David Cameron is ready to brand a Labour government “illegitimate” if Ed Miliband needs Scottish National Party MPs to secure a Commons majority. But Labour will accuse Mr Cameron of “squatting” in Downing Street and claim he should resign immediately if he cannot guarantee a Commons majority for the Queen’s Speech to be presented on May 27.
The “poll of polls”, based on surveys carried between 2 May and 6 May, shows the Tories and Labour tied on 33 per cent. Last week, the Tories were one point ahead on 34 per cent but Labour has now drawn level. Ukip is on 13 per cent, the Liberal Democrats 9 per cent and the Greens 5 per cent.
According to John Curtice, Professor of Politics at Strathclyde University, such a result would give Labour 293 seats, the Tories 272, the SNP 46, the Liberal Democrats 18, Plaid Cymru 2, the Greens 1 and Ukip none.
With neither Labour or the Tories likely to win an overall majority, there are fears that the Queen could be dragged into party politics – even though senior civil servants will make every effort to keep her above the fray.

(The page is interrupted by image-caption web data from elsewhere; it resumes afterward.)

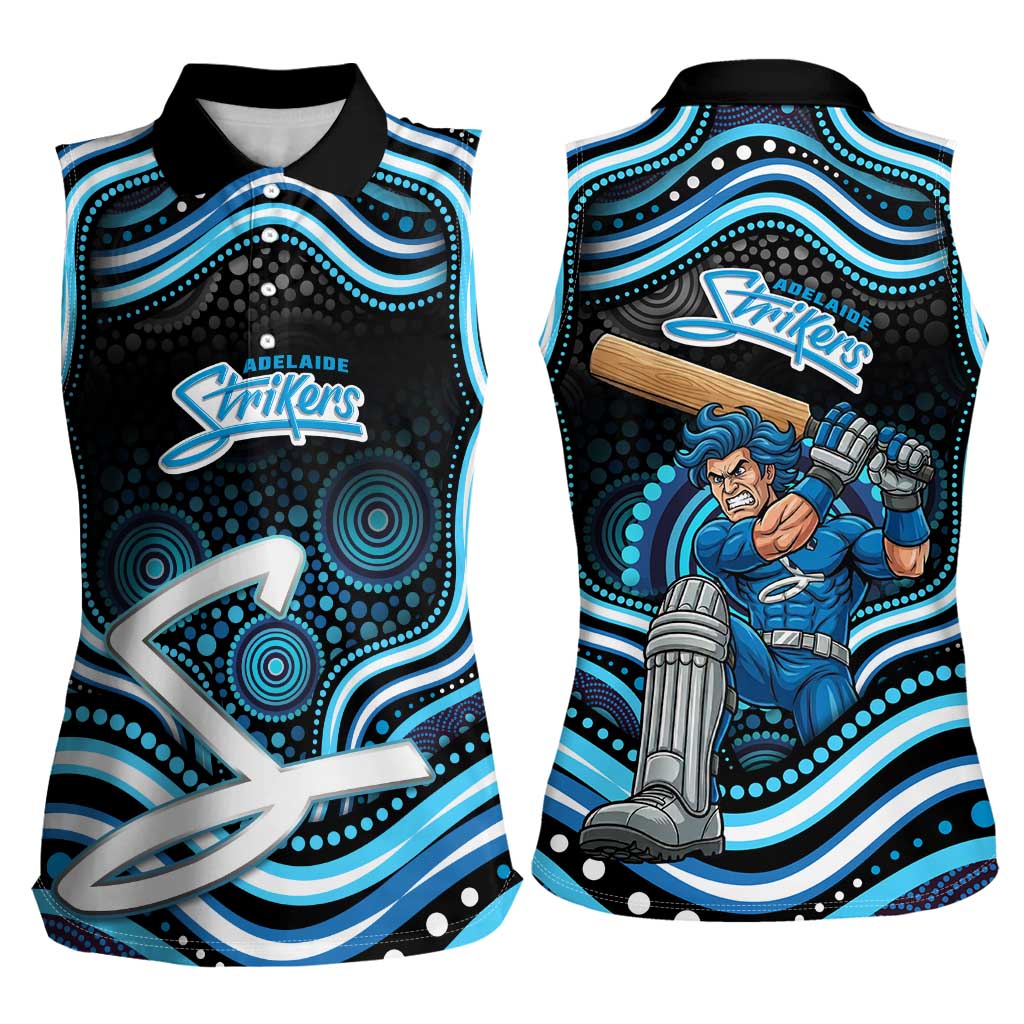 Adelaide Strikers Cricket Women Sleeveless Polo Shirt Australian Cricket Mascot - Modern Indigenous Style
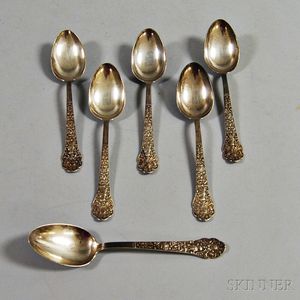 Six Gorham "Medici" Pattern Sterling Silver Tablespoons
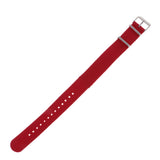 Maxbell Woven Nylon Watch Strap Wristwatch Band Stainless Steel Buckle Red 20mm
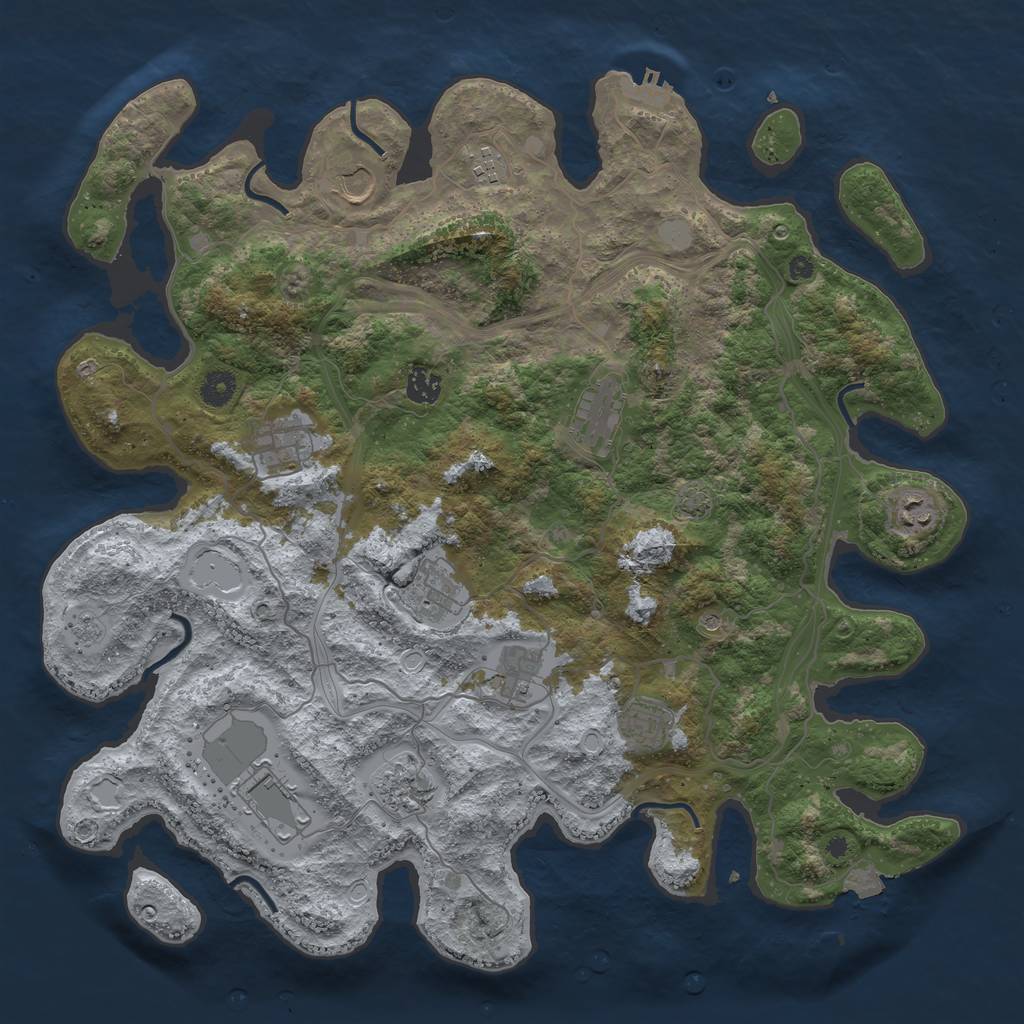 Rust Map: Procedural Map, Size: 4250, Seed: 1102225311, 18 Monuments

Lord (Gus) O’Donnell, who was Cabinet Secretary when the Coalition was formed in 2010, said that Mr Cameron could hang on and put his Queen’s Speech to the Commons even if he was “well short on [the] numbers” needed for majority support. Whether it would be “reasonable” for Mr Cameron to act in this way would be a political judgement, he said. “If it goes to the Commons and he is defeated by a large margin, there will be questions about why do that,” he added.
Senior Labour figures believe Mr Cameron would quit if he stood no chance of winning the Commons vote. But Tory insiders suggest he would hang on in the hope that the public would see the Tories as the winner if they had won the most seats. Although Labour and the SNP might together have more seats than the Tories, Cameron allies hope that voters would regard that an “illegitimate” government because Labour had come second. The Tories would brand it a “coalition of the losers.”

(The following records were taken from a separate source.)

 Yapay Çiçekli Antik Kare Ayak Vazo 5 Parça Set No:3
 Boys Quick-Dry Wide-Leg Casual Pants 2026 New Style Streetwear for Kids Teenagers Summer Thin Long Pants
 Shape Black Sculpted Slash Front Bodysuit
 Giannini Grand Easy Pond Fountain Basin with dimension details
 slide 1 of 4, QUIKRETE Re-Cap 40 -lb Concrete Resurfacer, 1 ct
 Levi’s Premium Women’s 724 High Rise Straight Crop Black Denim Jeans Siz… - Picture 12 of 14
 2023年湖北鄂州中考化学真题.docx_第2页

Tories hope that some Labour figures would not risk a public backlash and would reject a voting alliance with the SNP. But that was dismissed by Labour sources, who said: “The rules say that what matters is the numbers in the Commons. We will let the numbers do the talking.” They believe Labour MPs would not reject the opportunity of ousting the Tories.
Lord O’Donnell predicted the results would spark a debate about the first-past-the-post system."There will be questions about is it legitimate, fair that Ukip and Greens got lots and lots of votes and very few seats,” he said.
A survey for the Electoral Reform Society by BMG Research found that 54 per cent of people want parties to work together and share power in a hung parliament, while 33 per cent would prefer a second election before Christmas.
Darren Hughes, the society’s deputy general secretary, said: “The two main parties have pursued the fantasy of a majority, instead of dealing with the reality that they should work with other parties – as happens in countless nations around the world.”